Source data below:

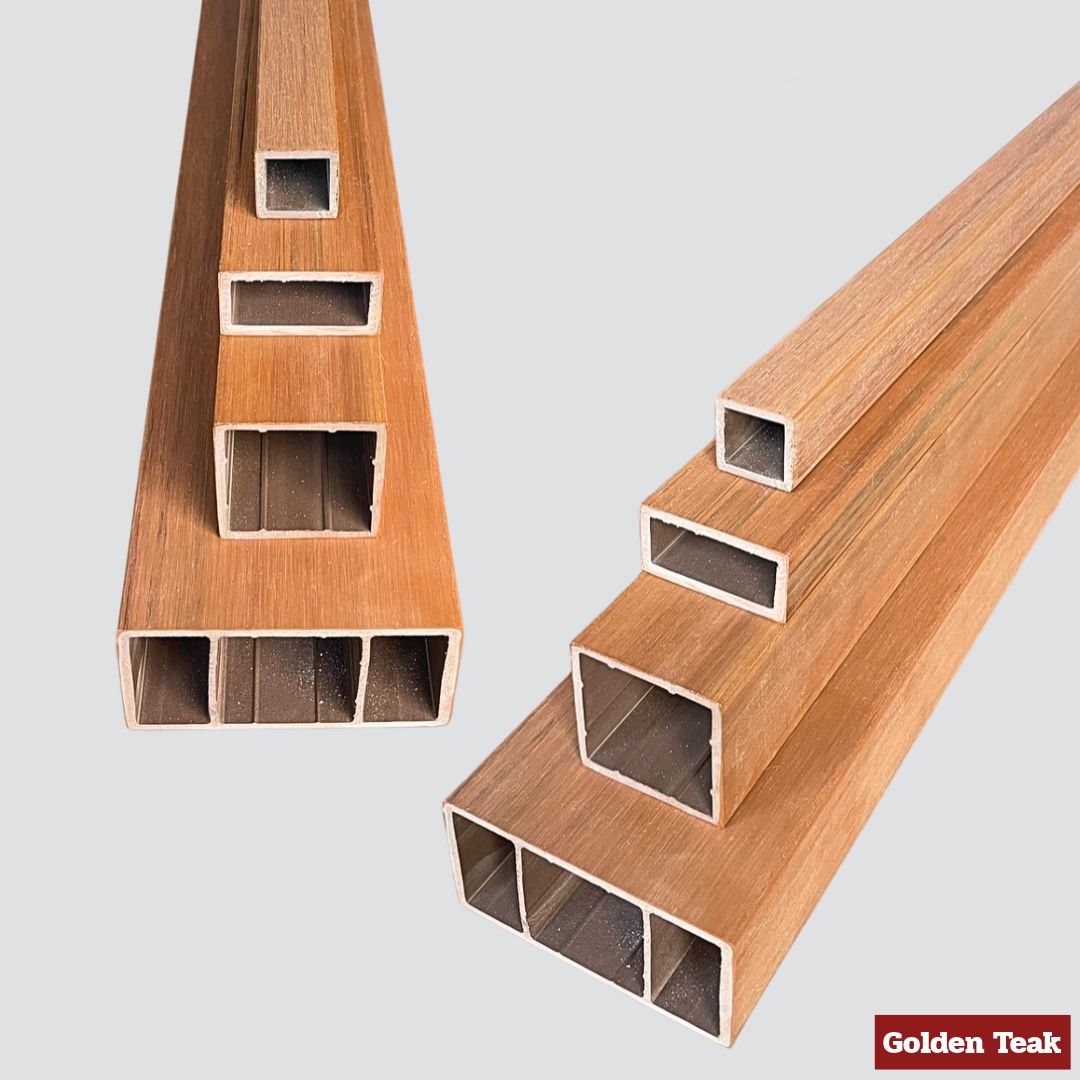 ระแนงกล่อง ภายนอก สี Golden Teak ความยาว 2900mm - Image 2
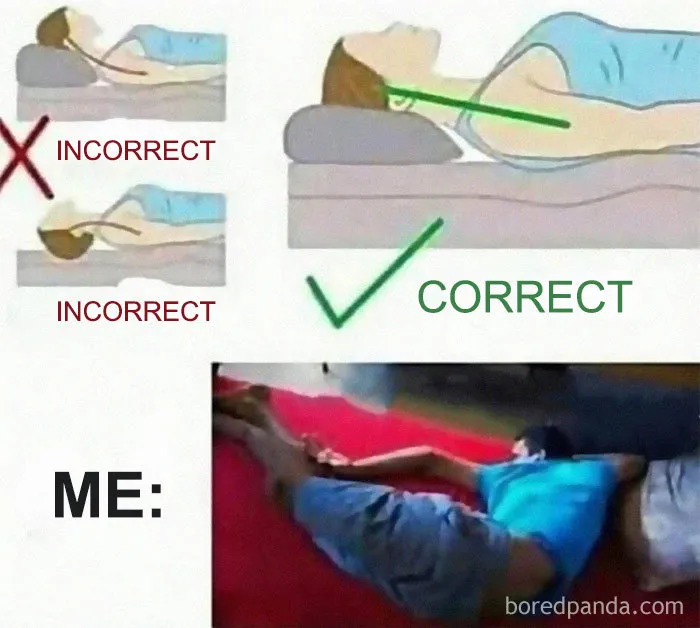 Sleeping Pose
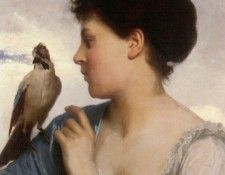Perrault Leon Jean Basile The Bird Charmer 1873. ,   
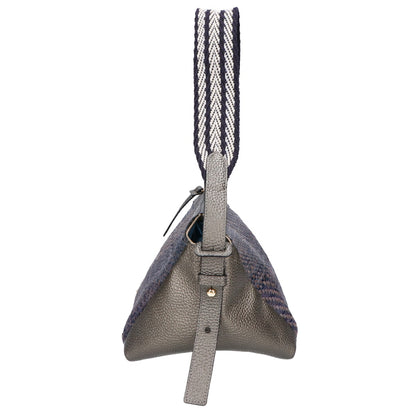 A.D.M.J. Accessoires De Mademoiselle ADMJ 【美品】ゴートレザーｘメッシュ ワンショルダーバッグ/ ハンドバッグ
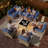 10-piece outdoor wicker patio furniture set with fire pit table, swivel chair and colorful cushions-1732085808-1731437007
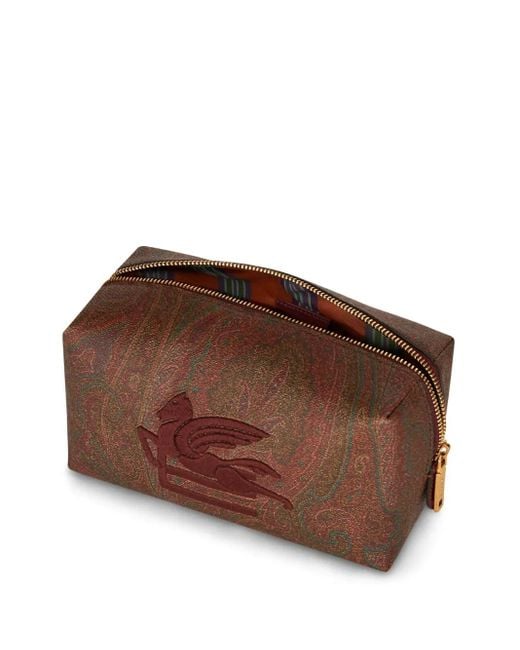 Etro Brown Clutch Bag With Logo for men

End of Source data.

Instructions to follow
Except for the pictures, return every line of the material exactly.

Exercise solution
 ระแนงกล่อง ภายนอก สี Golden Teak ความยาว 2900mm - Image 2
 Sleeping Pose
Perrault Leon Jean Basile The Bird Charmer 1873. ,   
 A.D.M.J. Accessoires De Mademoiselle ADMJ 【美品】ゴートレザーｘメッシュ ワンショルダーバッグ/ ハンドバッグ
 10-piece outdoor wicker patio furniture set with fire pit table, swivel chair and colorful cushions-1732085808-1731437007
 Etro Brown Clutch Bag With Logo for men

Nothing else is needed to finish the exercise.